The other day i saw my last Crucible, in the cinema. There will be downloads and more viewings i am sure, but as far as the close up experience is concerned, this was the last bit of it. I’m not really sad, i feel more as sense of contentment and almost accomplishment, it’s embossed in my mind and my thoughts. I’ve experienced it and i am very grateful that it is part of my memory in a way that i will always be able to cherish it.

It was the perfect last viewing, small cinema screening but, unlike before Xmas, the cinema was nearly full with a mix of people who had seen it live and wanted to relive it and those who didn’t know anything about it.

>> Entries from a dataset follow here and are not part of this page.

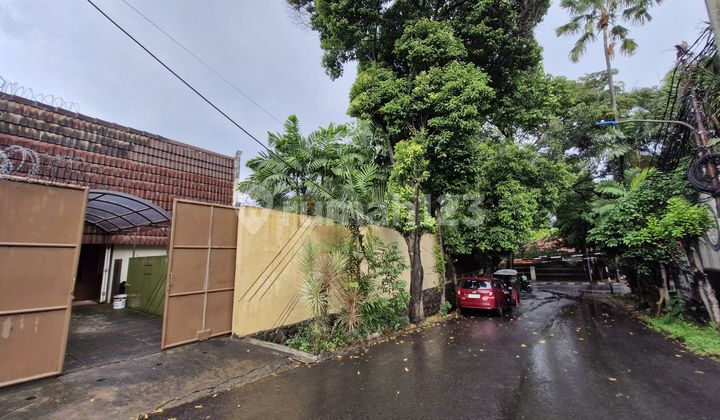 House Located in the Prime Area of Dharmawangsa, Kebayoran Baru, South Jakarta House Located in the Prime Area of Dharmawangsa, Kebayoran Baru, South Jakarta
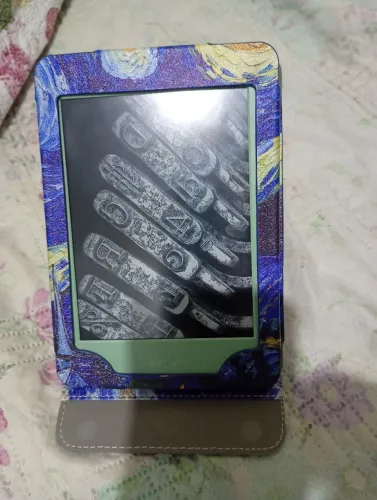 Kindle 11° com capa. Menos de 1 ano de uso.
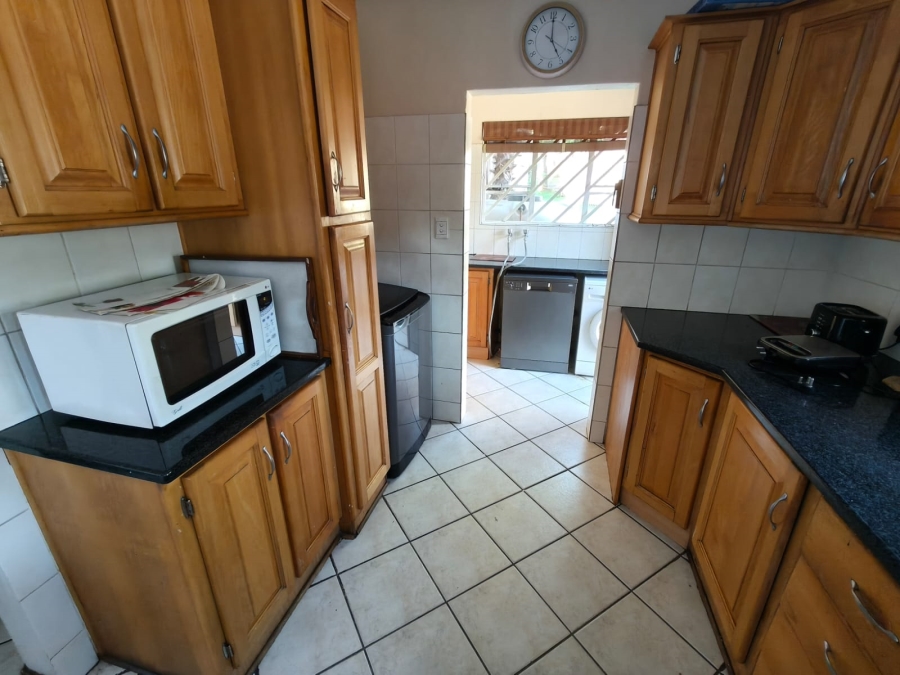 To Let 4 Bedroom Property for Rent in Cashan North West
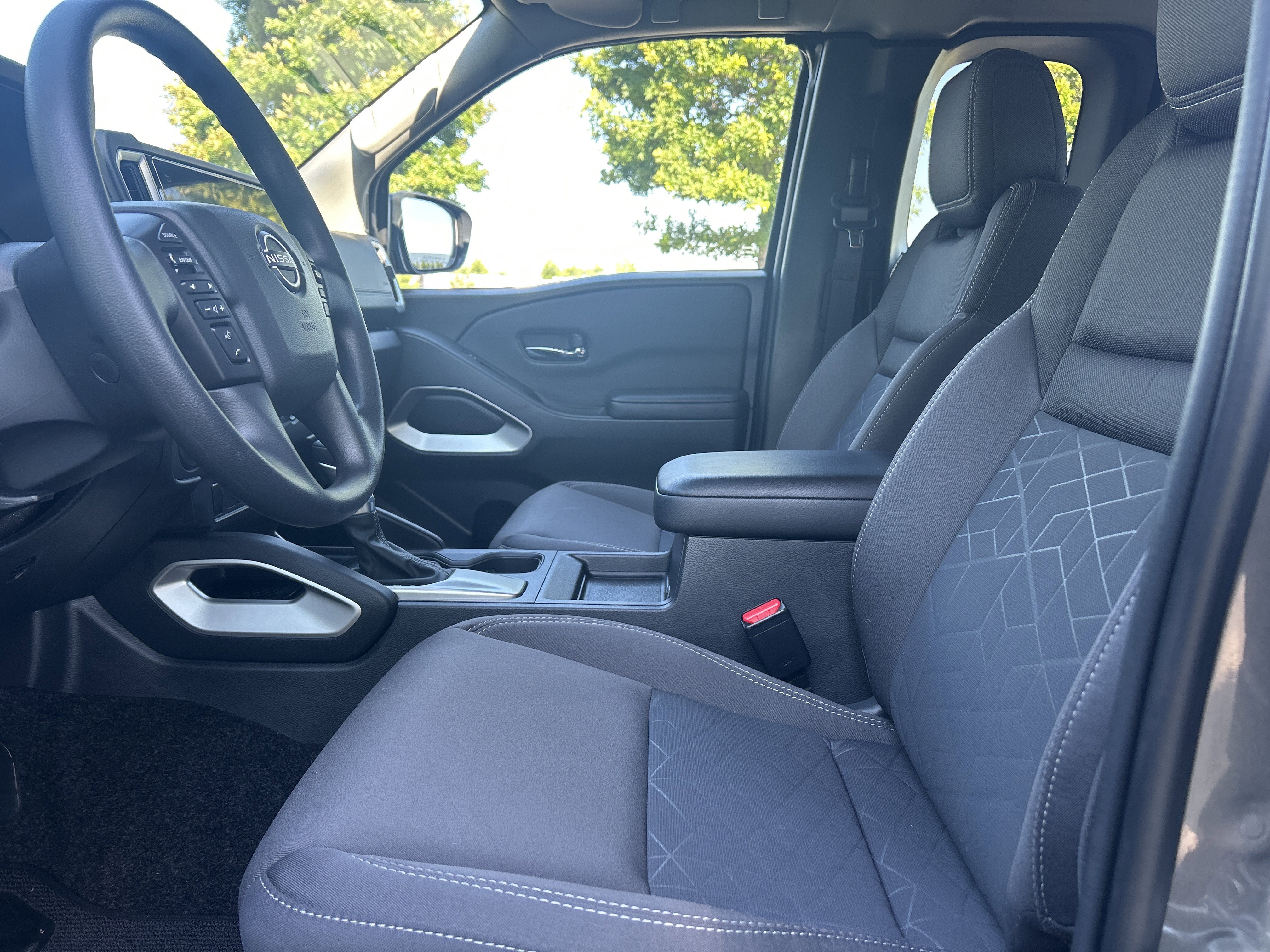 Used 2025 Nissan Frontier SV RWD image 24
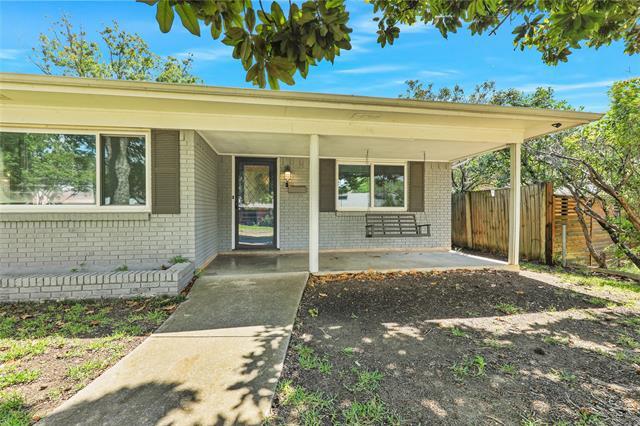 Building Photo - 1710 Crowberry Dr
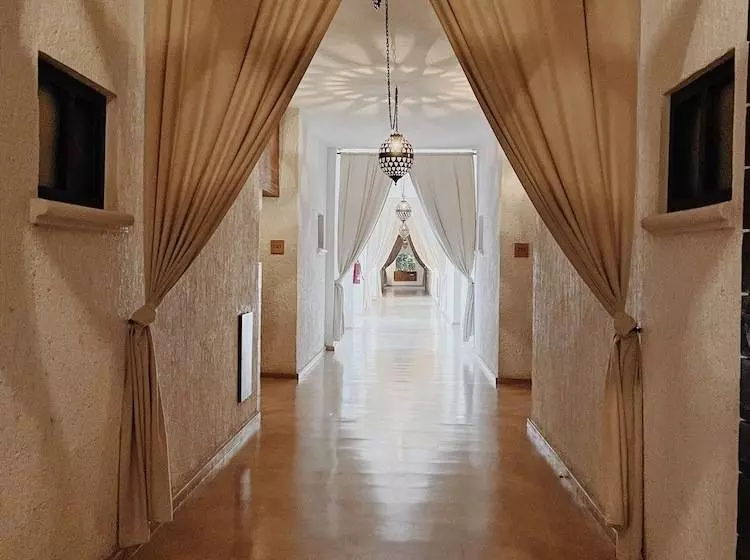 Bahia Hotel & Beach House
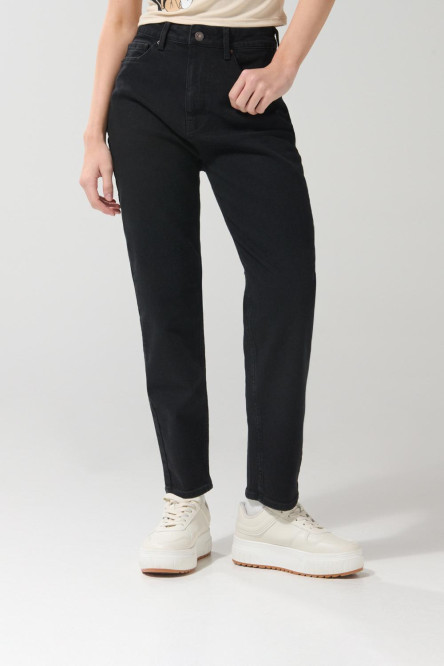 Jean mom negro con bota recta y súper tiro alto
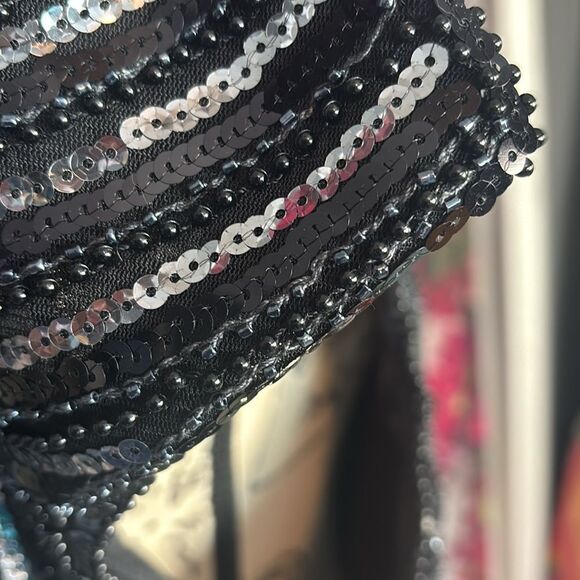 Meet your retro beauty NWT black beaded flapper dress, size XL - Picture 7 of 16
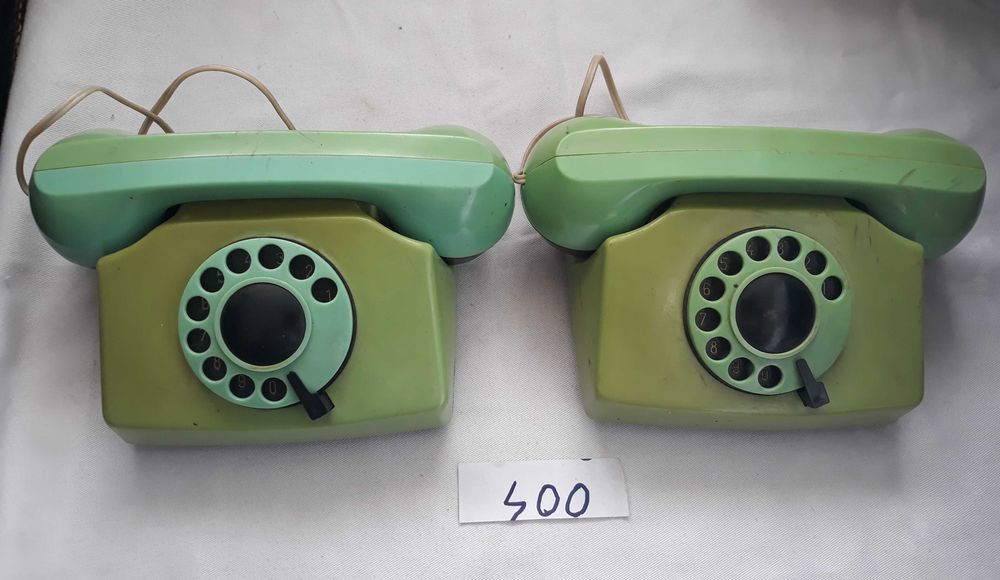 Telefoane de jucarie vechi nu trimit in tara predar personal in centru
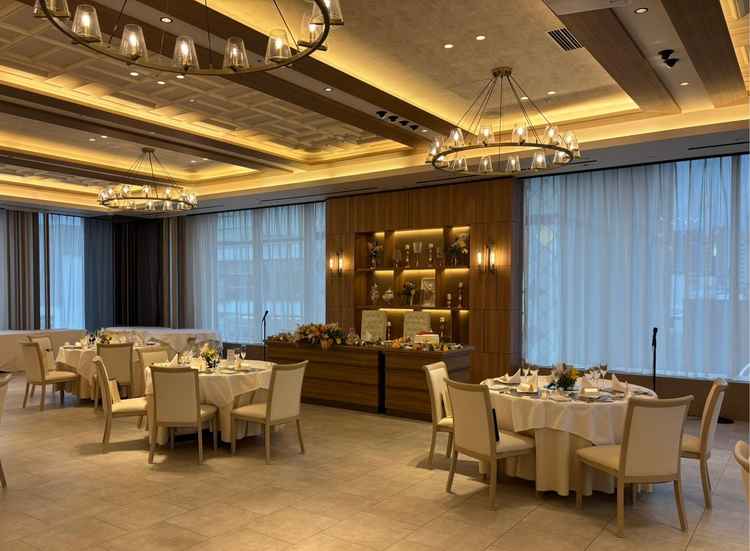 披露宴会場はこじんまりしていて、新郎新婦とゲストの距離が近く、アットホームな雰囲気でした。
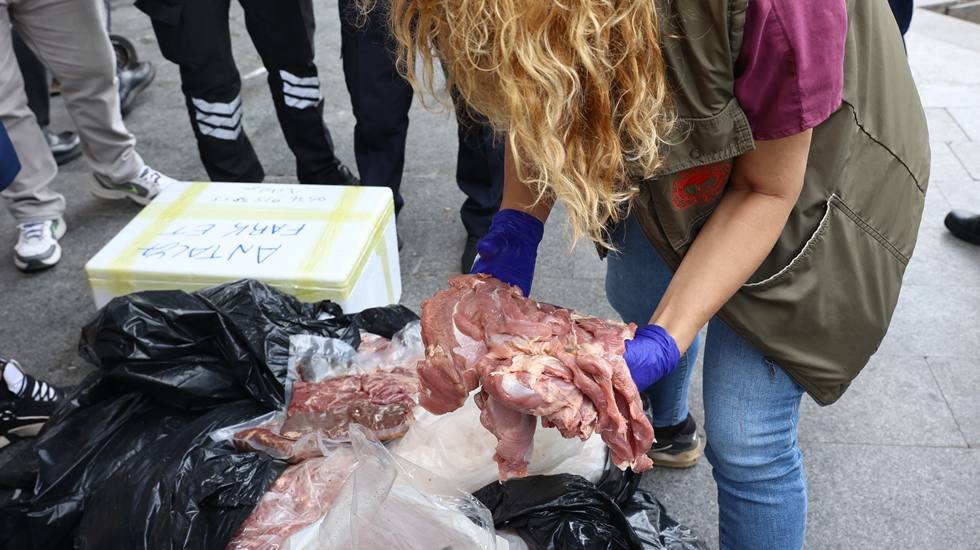 Otobüsle taşınan 300 kilogram ete el konuldu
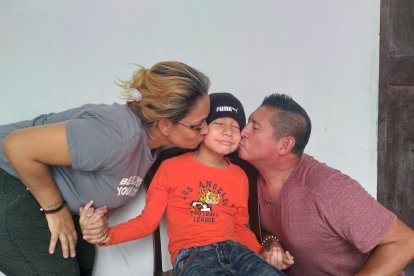 Los padres de Thiago están felices de ver a su pequeño llevar una vida normal.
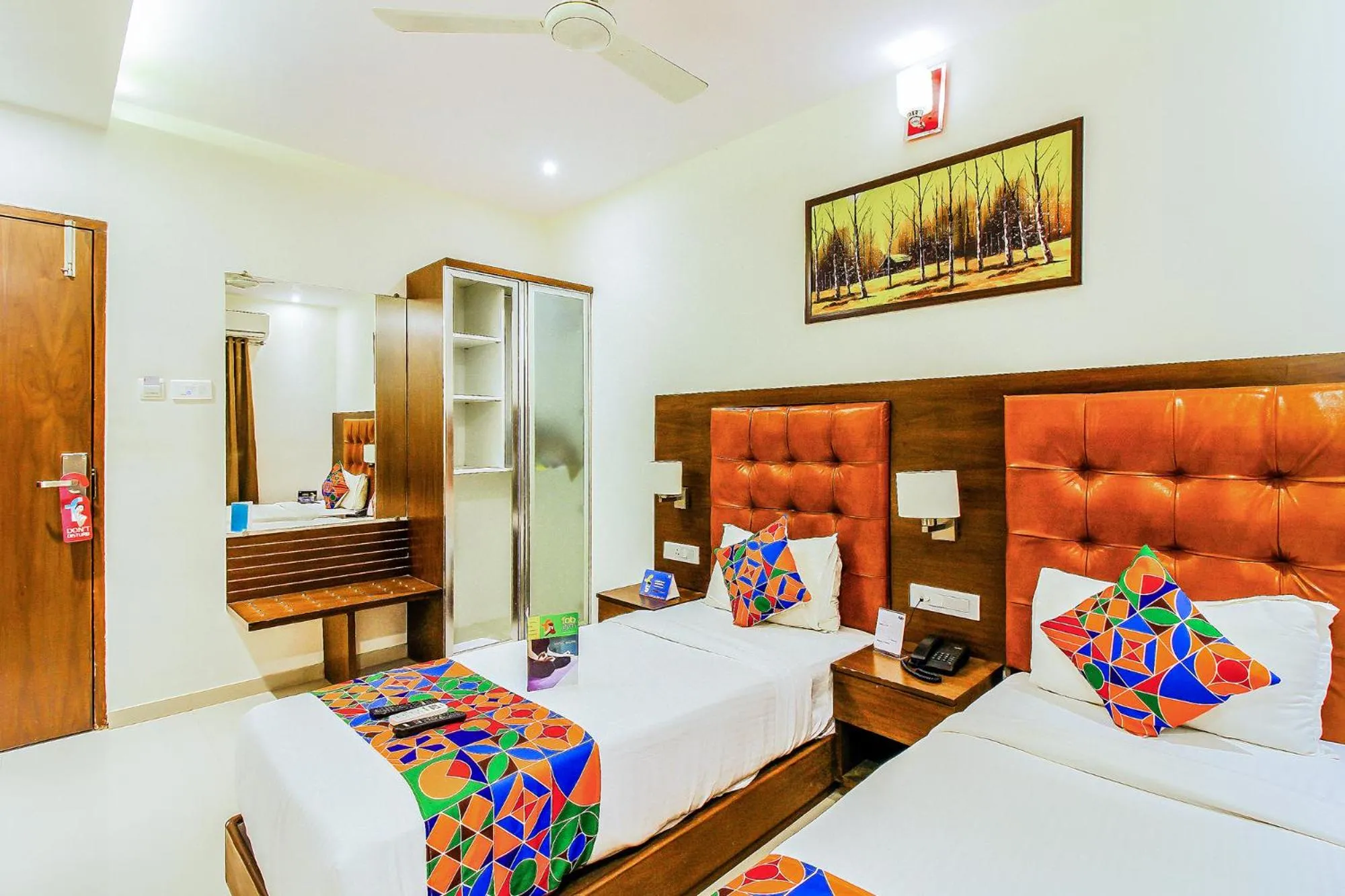 Bedroom, Bed in Via Empire Suite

It was a very attentive public and nobody seemed to feel the need to fuel themselves up with drinks or noisy food 😉 At interval there was still lively chatting and loud commenting somewhere behind me about the volume of speech from some of the actors, some mentions of Daniel Day Lewis and a certain film and a repeated stating (in light of the poster displayed on screen at interval) of ‘who is this? Richard Armitage, don’t know him, he’s ok’ .. followed by the mention of the film with DDL. All this took place in total darkness as the cinema staff apparently had no clue about the interval. And bar two people who nipped out briefly and came rushing back still during the interval, nobody even got up from their seats! The music for the 2nd part started and the cinema descended again in silence  and you wouldn’t have been able to tell people were sitting there watching as there was not the smallest of sounds all the way till the end. In fact, Proctor chose to keep his name, kissed Elizabeth and stepped away to his death, the play ended, the applause came and went and nobody moved, nobody made a sound… The credits came and people remained in their seats in utter silence and only towards the end started to get up slowly, gather their things and left the cinema in utter silence… Not one word was spoken and everyone left slowly, thoughtfully …. I’ve never experienced this anywhere in either theatre or cinema before, the silence and at the same time the intense emotion that hovered there in the air… so overwhelming that nobody dared to speak. Silence speaks louder than words sometimes they say.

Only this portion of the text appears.